Yazıklar olsun a sevgili,
aramızdan birçok dertlerle, bir hayli hasretlerle (Özlem
duyduracak şekilde) gittin.
Çok insaf (Acımaya, vicdana veya mantığa dayana adalet) diledin (Dilekte bulundun), çok yalvardın ama ne fayda;
İnsaf etmeyen, aman vermeyen buyrukla
geçtin gitti.
Her yana koştun, çare aradın,
düzenler düzdün;
Fakat bir çare bulamadın, çaresiz
bir halde gittin.
Güllerle dopdolu kucağın, o Ay (Etrafa aydınlık veren) yüzün ne oldu?

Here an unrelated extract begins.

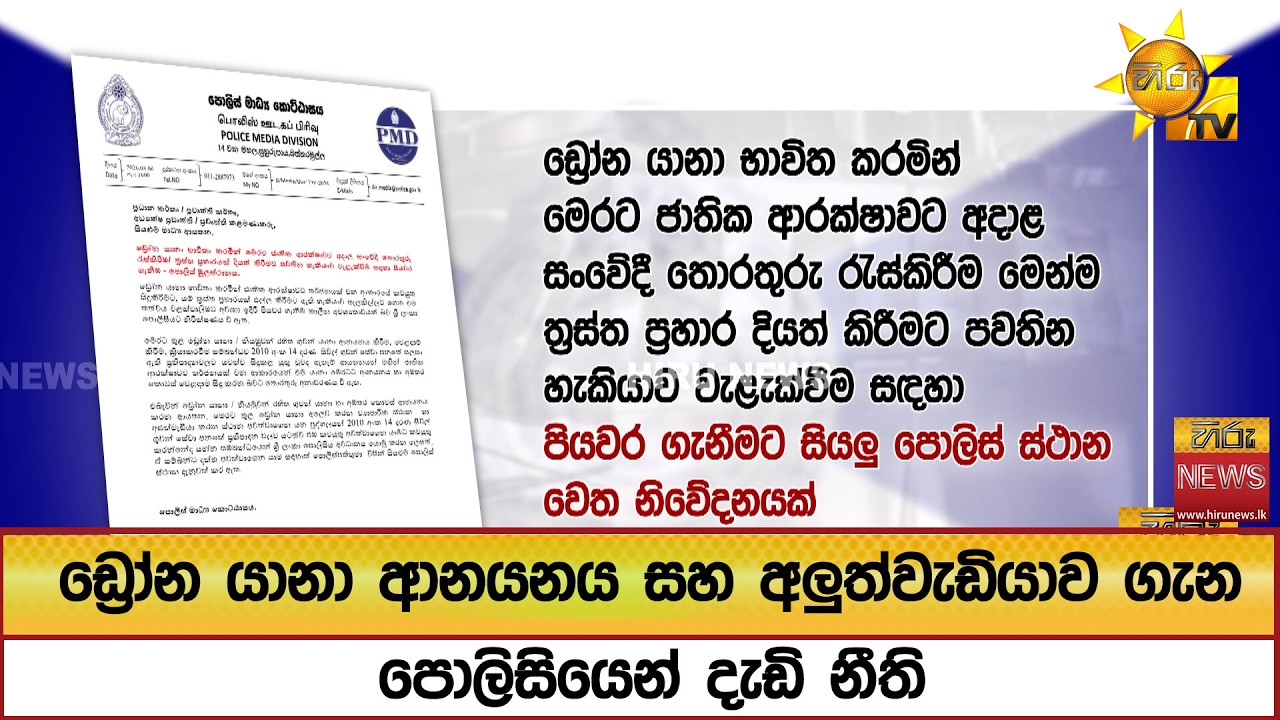ඩ්‍රෝන යානා ආනයනය සහ අලුත්වැඩියාව ගැන පොලිසියෙන් දැඩි නීති  - Hiru News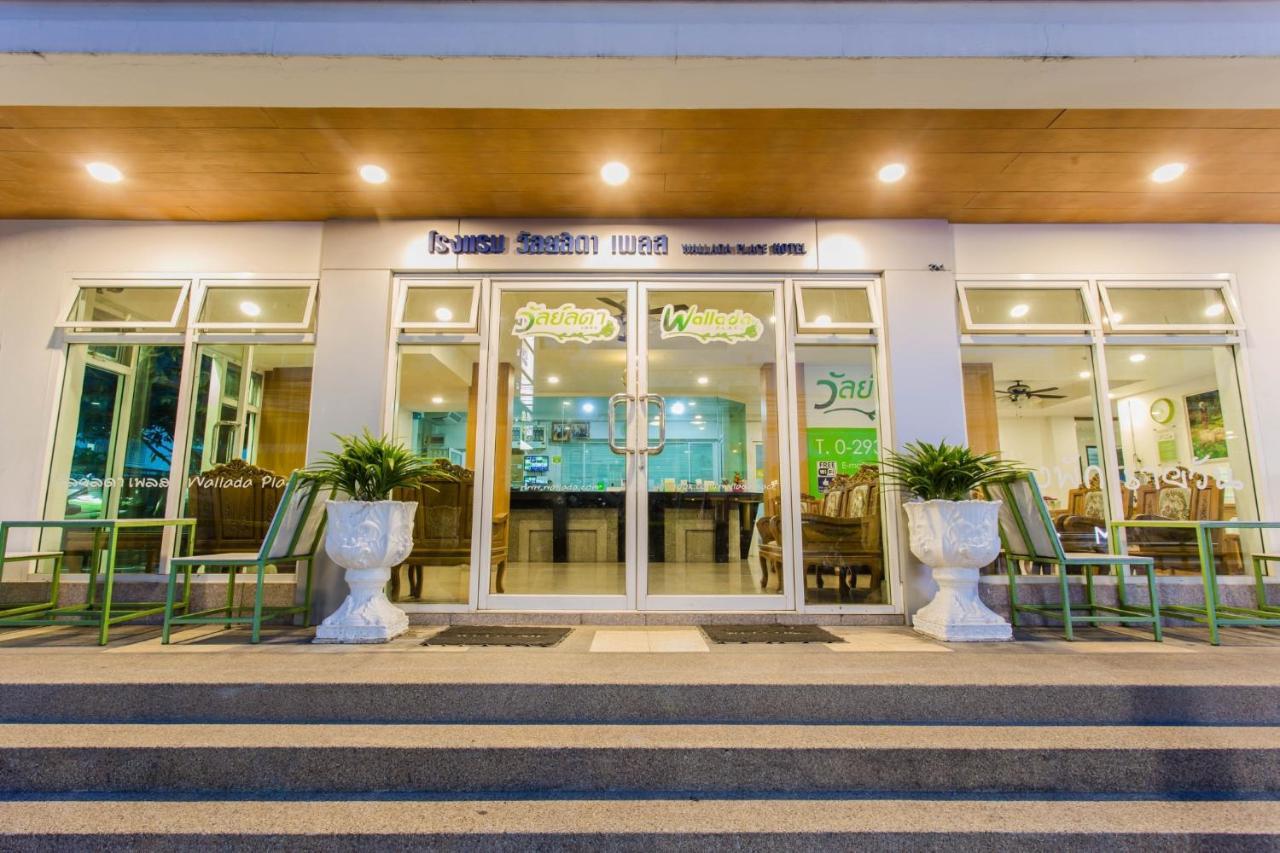 Hotel Wallada Place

Nasıl oldu da hor-hakir (Aşağı, değersiz, önemi olmayan) bir halde yeraltına
gittin?
Dostların halkasından çıktın,
seninle düşüp kalkanların arasından kalktın da toprak altına karıncalarla
yılanların arasına gittin.
Ne oldu o nükteler, ne oldu o
sözler;
O sırları bilen akıl ne oldu?
Elimizi tutan o eller ne oldu?
Ne oldu o gül bahçesine giden
ayaklar?
Naziktin, güzeldin, insanları
elde ederdin;
Şimdiyse tuttun, insanları yiyen
toprak içine gittin.
Ne biçim bir düşünceye daldın da
uzun, sapa, bozuk bir yola düştün böyle?
***
DİVAN-I KEBİR 6 CİLT MEVLÂNÂ CELÂLEDDİN
Hazırlayan: Abdulbaki GÖLPINARLI
KÜLTÜR BAKANLIĞI YAYINLARI/1385
***
Neler öğrendik;
1.
Allah’ın
gönderip tanıttığı dostu Şems Hazretlerini Mevlana Hazretlerinin Allah’a olan
aşkının yansıması olarak görüp, taşıdığı değerlerle, sırlara hayret edip her
görüşte aşkının yoğunlaştığını olduğunu öğrendik.
2.
Şems Hazretlerinin habersiz ayrılığı ile
Mevlana Hazretlerinin özlemle her yerde aradığını, bulamadığını, ölüp toprak
altına gittiği düşüncesine vardığını öğrendik.
*
İşte böyle yaren;
Şems Hazretlerinin öldüğü düşüncesini yanlış düş yolu
olarak gördüğünü, çaresizlikten bu şekilde düşündüğünü öğrendik, anladık.